I clearly have a preference here but I wouldn’t be too sad if the answer is “probably not”
Just gives me another peripheral to buy and another project to tackle
Regardless, I’m super looking forward to proper responsive(enough) pendant
Probably not. But, the keyboard option will remain for those that have hacked their own option together.
With our pendant, we’ll likely change the UI so that you only jog through the pendant, and the screen defaults to a more dense rapid position and set zero page to make the whole flow more efficient and less “clicky”.
That is already in the community, the thing is. The cost is about as high as the cost of the machine and unless someone approaches C3D ready to pump out hundreds at a crazy good cost there is no incentive to officially support it. Even then they would want a contract, a company that can support pumping out replacement parts as needed in small-medium batches, all sorts of things you just wouldn’t expect would go into this.
All that just for a low sales volume medium to low margin item.

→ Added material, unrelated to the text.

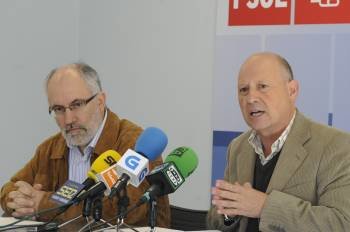 Alberto Fidalgo (derecha), con Miguel Fidalgo, durante la comparecencia en la sede del PSOE. (Foto: Martiño Pinal)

Sorry to revive this thread but what about a modular addon for the S5Pro to guarantee homing repeatability. It could be a little checkbox that you can enable in Carbide motion and is basically some overengineered (because it was added later) form of a high accuracy limit switch for the opposite end of the current limit switches that would actuate and give us a near absolute position of the machine to guarantee repeatability after a crash, bit break etc. The Bitzero is nice but it’s a pain and not always 100% because of human error. But if the zero is already set and the machine used a guaranteed method to home then there is no misalignment it is guaranteed to be within the margin of error of this new addon set of switches.

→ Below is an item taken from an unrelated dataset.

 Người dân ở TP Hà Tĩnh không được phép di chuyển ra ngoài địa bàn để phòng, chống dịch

I don’t think there is any amount of time under 10 minutes I wouldn’t trade to be able to guarantee I’m going to hit that same spot especially in anything with a flip or if I was say working in aluminum and broke a bit or lost a step but I could go back into the program do all my editing and be able to shut the machine off come back and start it up whenever I’m comfortable with it and not have to set a zero again and just roll it with the new program.
This is especially usefull for people who work with high value materials.

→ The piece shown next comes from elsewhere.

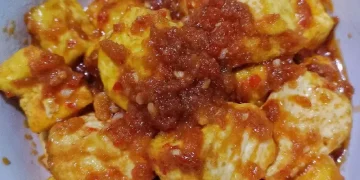 Resep balado tahu pedas gurih yang murah dan mudah dibuat. Cuma pakai bahan sederhana, rasanya luar biasa! Cocok buat lauk akhir bulan. (Foto: Cookpad @desiarumk)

It could replace a current endcap of the S5Pro assuming the extrusions are all CNC cut to within a decent tolerance. Or could just have an adjustment kit to account for any differences.
Take a 1/4” end mill( or what ever size you prefer) and drill a hole into your waste board or work holding. Then set up a macro to return to that location at a higher z hieght.
Initialize the machine change tool to a ground rod or broken end mill in the correct size. Then use the macro to go to your known location and you should be able to manually jog plunge into the hole.
Z axis can be do in a similar fashion.
Or you can machine a block that’s attached somewhere and use an edge finder and do some math.
It would take less than a minute to check absolute positioning this way on x and y.
After homing you would click 3-4 buttons and the machine return to your check location. Then you manually lower z to verify position in the bore.
The issue is if you don’t trust the calibration procedure on one end why would you trust it on the opposite end of the axis? plus you would have to add 3 homing switches to the machine to be able to know it’s location.
It all comes down to if you don’t trust homing you can only verify by going to a hard point as I’ve listed.